I am an anthropologist focusing on questions of caste, religion, and the nation. My current research is a historical anthropological project on the relationship between caste, the Catholic Church, and the colonial state in Sri Lanka over the past two centuries. A further strand of this project aims, by drawing upon evidence and debates from across South Asia, to contribute to a renewal of the comparative study of caste alongside a reassessment of the influential Indian scholarship that has tended to dominate caste studies. Adjacent to these core topics, I am interested in linguistic questions that include language ideologies and second language acquisition, and I have recently published on the experience of learning Tamil through an anthropological lens. Before coming to LUMS I tutored on several anthropology courses at the universities of St Andrews and Edinburgh, and was also a casual lecturer at St Andrews. I completed my PhD in anthropology at University College London in 2020, following an MA in anthropology at the School of Oriental and African Studies, also in London. Prior to that, I completed a BA in Russian and English at Trinity College Dublin.

COURSES TAUGHT

2024-2025

Fall Semester

  • Caste in South Asia and Beyond (ANTH483/HIST4202)

2023-2024

Spring Semester

  • Introduction to Cultural Anthropology (ANTH100)
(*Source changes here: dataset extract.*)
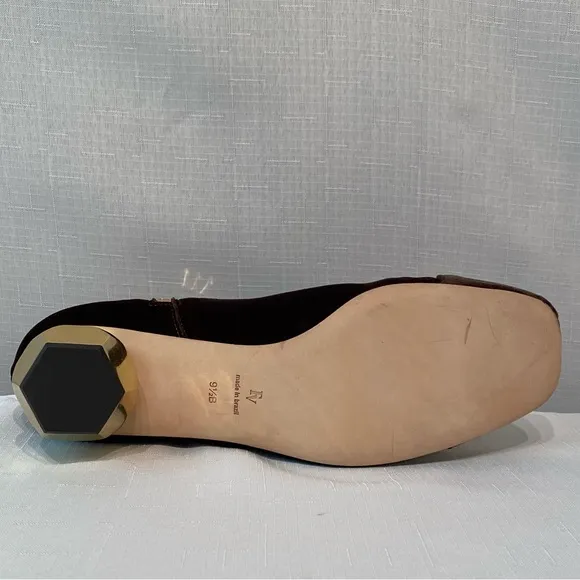 Frances Valentine Marni Gold Block Heel Boots Solid Brown Stretch Velvet SZ 9.5B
  • Introduction to Anthropology of Religion (ANTH268)

Fall Semester

  • Caste in South Asia and Beyond (ANTH483/HIST4202)

PUBLICATIONS

  1. Esler, Dominic (2024) Caste in Contemporary Sri Lanka. In Handbook on Contemporary Sri Lanka, edited by Kanchana N. Ruwanpura and Amjad Mohamed Saleem. London: Routledge.
  2. Esler, Dominic (2021) Claiming the Mannar Martyrs: Catholicism and Caste in Northern Sri Lanka. In Multi-religiosity in Contemporary Sri Lanka: Innovation, Shared Spaces, Contestation, edited by Mark P. Whitaker, Darini Rajasingham-Senanayake, and Pathmanesan Sanmugeswaran, 233-245. London: Routledge.
  3. Esler, Dominic (2019) Dealing with diglossia: Language learning as ethnography. In Learning and Using Languages in Ethnographic Research, edited by Julien Danero Iglesias, Robert Gibb, and Annabel Tremlett, 70-82. Bristol: Multilingual Matters.
  4. Esler, Dominic  (2018) Soviet Science Fiction of the 1920s: Explaining a Literary Genre in its Political and Social Context. In Russian Science Fiction of Literature and Cinema: A Critical Reader, edited by Anindita Banerjee, 117-146. Boston: Academic Studies Press. (Republication.)
  5. Esler, Dominic (2010) Soviet Science Fiction of the 1920s: Explaining a Literary Genre in its Political and Social Context. Foundation: The International Review of Science Fiction 109, 27-52.